_Work to complete_
Any image in the records is to be dropped, and everything else duplicated precisely.

_Extracted entries_
%%

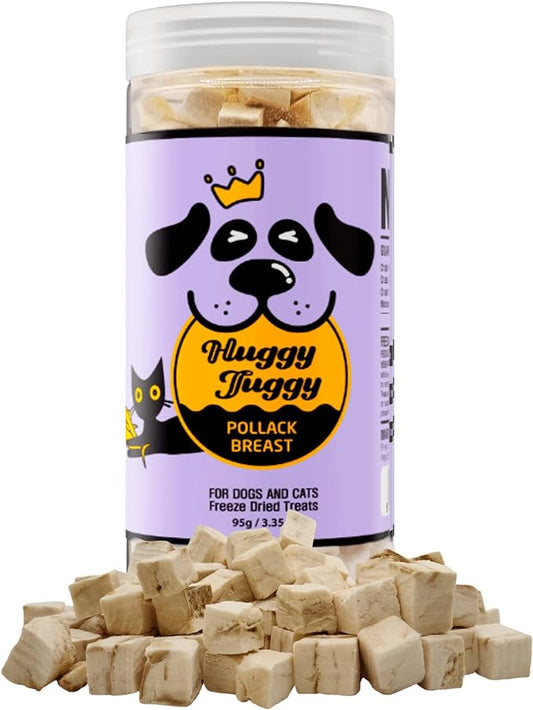 Freeze Dried Treats Pollack Fish for Dog and Cat - Natural Single Ingredient, Pet Food Pet Treat High Protein - No Fillers, Preservatives, or Additives, Gluten and Grain Free - 3.35 Oz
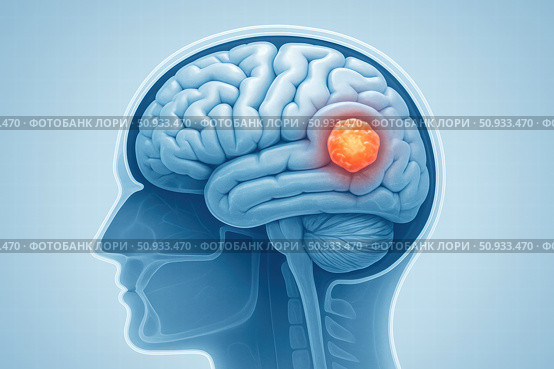 Illustration of a Human Brain with an Emphasized Tumor, Representing Neurological Health and Medical Concerns in a Scientific Context. Стоковое фото, фотограф Башкирова Анна / Фотобанк Лори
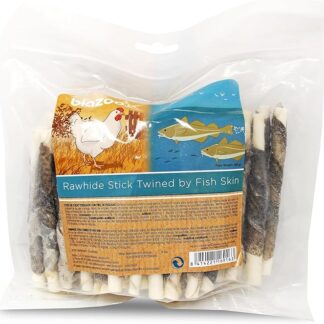 Biazoo Stick in Pelle Intrecciata con Pelliccia di Pesce 500 gr Snack per Cani Adatto a Tutte Le Razze e Dimensioni, Alti in Proteina.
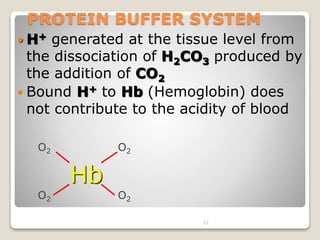 PROTEIN BUFFER SYSTEM 
 H+ generated at the tissue level from 
the dissociation of H2CO3 produced by 
the addition of CO2 
 Bound H+ to Hb (Hemoglobin) does 
not contribute to the acidity of blood 
51 
Hb 
O2 
O2 
O2 O2 
 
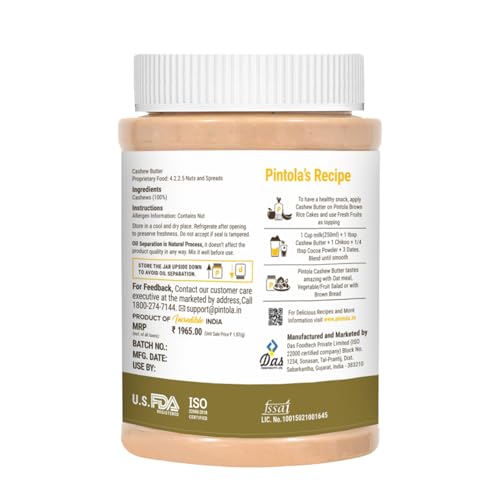 Image of Pintola Cashew Butter 1kg - All Natural Cashew Butter, Gluten Free & Cholesterol Free,Unsweetened for Bread Spreads, Made with Fresh Cashews, Source of Fiber & Protein (Pack of 2)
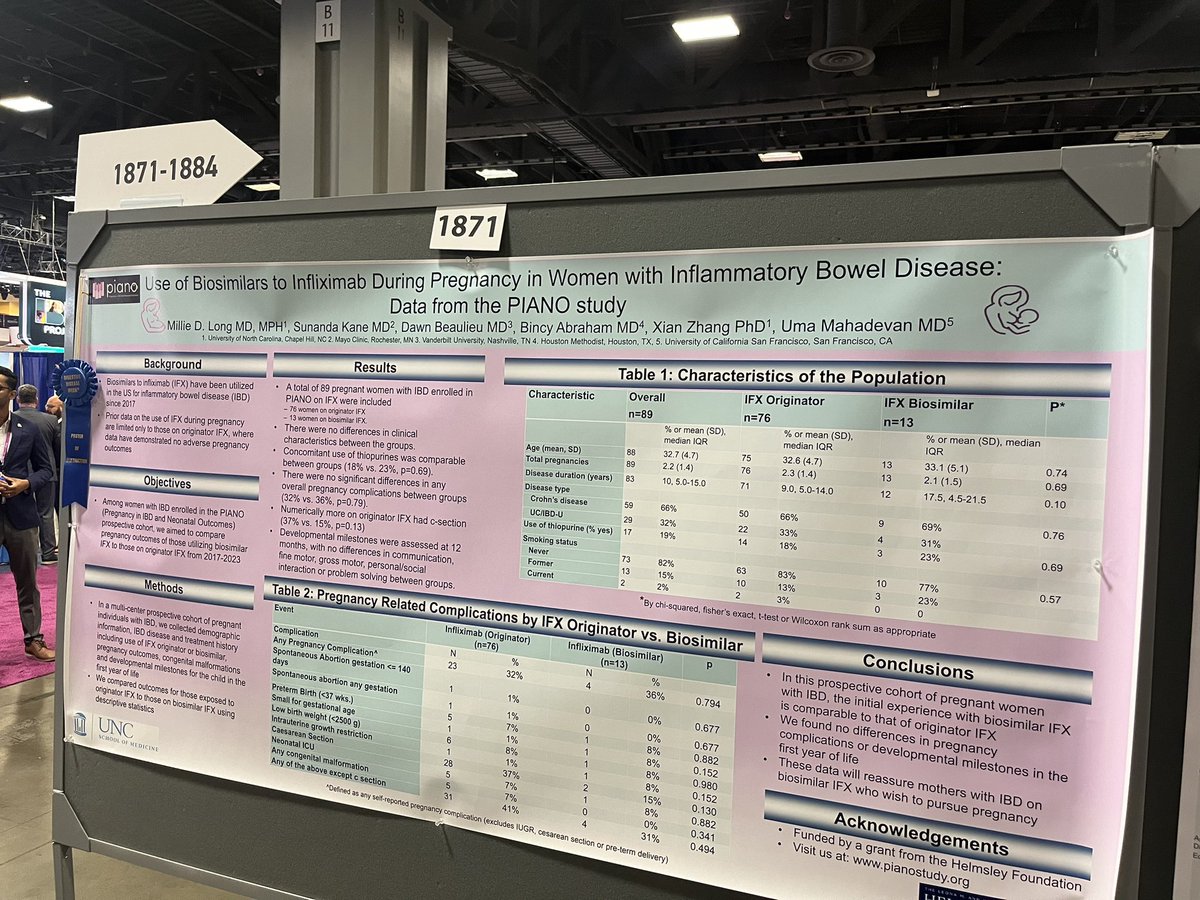 Important work from @PIANOIBD on biosimilars to IFX and safety during pregnancy. @PIANOIBD continues to prospectively study advanced #IBD treatments in pregnancy. Visit pianostudy.org to learn more or enroll your patients. @UmaMahadevanIBD @HelmsleyTrust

%%

_Response below_
 Freeze Dried Treats Pollack Fish for Dog and Cat - Natural Single Ingredient, Pet Food Pet Treat High Protein - No Fillers, Preservatives, or Additives, Gluten and Grain Free - 3.35 Oz
 Illustration of a Human Brain with an Emphasized Tumor, Representing Neurological Health and Medical Concerns in a Scientific Context. Стоковое фото, фотограф Башкирова Анна / Фотобанк Лори
 Biazoo Stick in Pelle Intrecciata con Pelliccia di Pesce 500 gr Snack per Cani Adatto a Tutte Le Razze e Dimensioni, Alti in Proteina.
 PROTEIN BUFFER SYSTEM 
 H+ generated at the tissue level from 
the dissociation of H2CO3 produced by 
the addition of CO2 
 Bound H+ to Hb (Hemoglobin) does 
not contribute to the acidity of blood 
51 
Hb 
O2 
O2 
O2 O2 
 
 Image of Pintola Cashew Butter 1kg - All Natural Cashew Butter, Gluten Free & Cholesterol Free,Unsweetened for Bread Spreads, Made with Fresh Cashews, Source of Fiber & Protein (Pack of 2)
 Important work from @PIANOIBD on biosimilars to IFX and safety during pregnancy. @PIANOIBD continues to prospectively study advanced #IBD treatments in pregnancy. Visit pianostudy.org to learn more or enroll your patients. @UmaMahadevanIBD @HelmsleyTrust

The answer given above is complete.